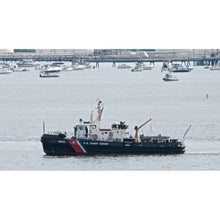 Load image into Gallery viewer, Hand Painted Model Boat (624537) - Black
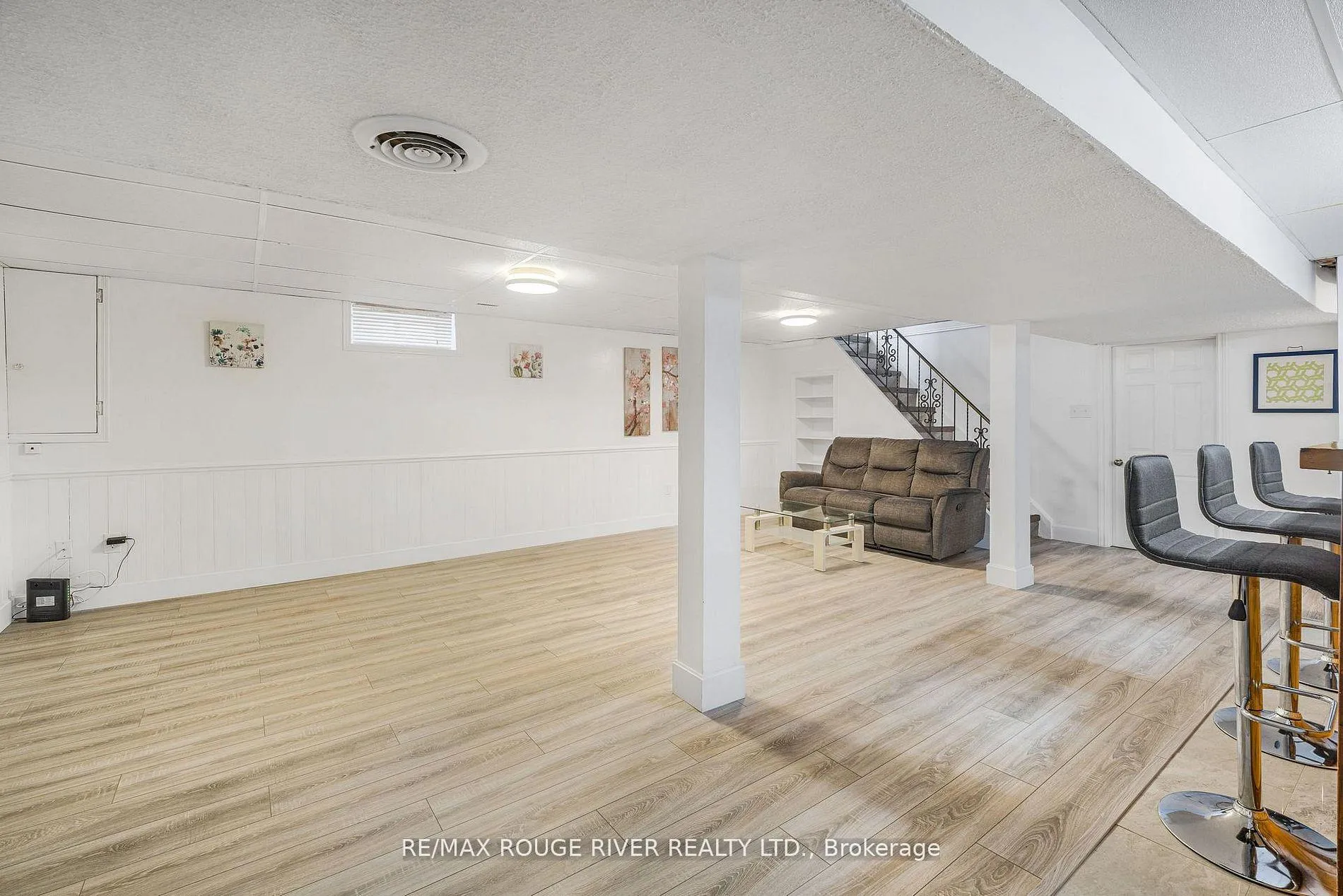 Photo 26 of 3201 Butler Place, Niagara Falls, Church's Lane — HOMEH
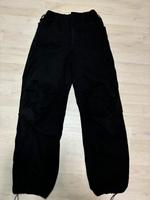 Bershka schwarze parachute hose Essen - Altenessen Vorschau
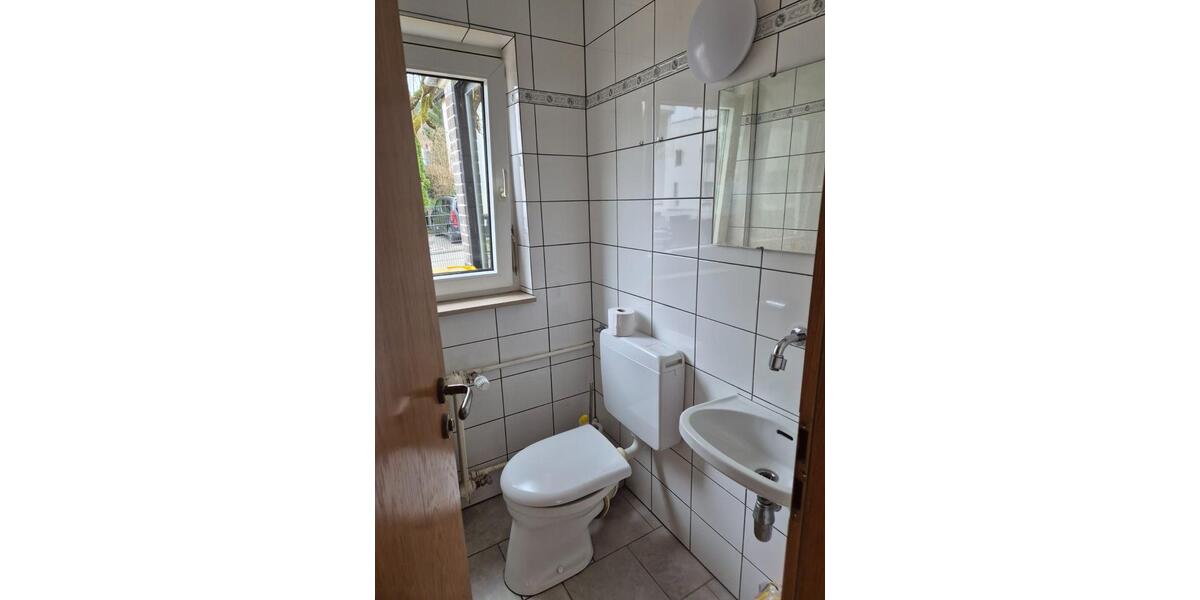 Einfamilienhaus Schorndorf - 6 Zimmer, 150 m&sup2;, 1.800&euro; | Angebot:25765684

▶ Work order:
Set down the material above as is, without any pictures.

▶ Solution to this problem:
 Load image into Gallery viewer, Hand Painted Model Boat (624537) - Black
 Photo 26 of 3201 Butler Place, Niagara Falls, Church's Lane — HOMEH
 Bershka schwarze parachute hose Essen - Altenessen Vorschau
 Einfamilienhaus Schorndorf - 6 Zimmer, 150 m&sup2;, 1.800&euro; | Angebot:25765684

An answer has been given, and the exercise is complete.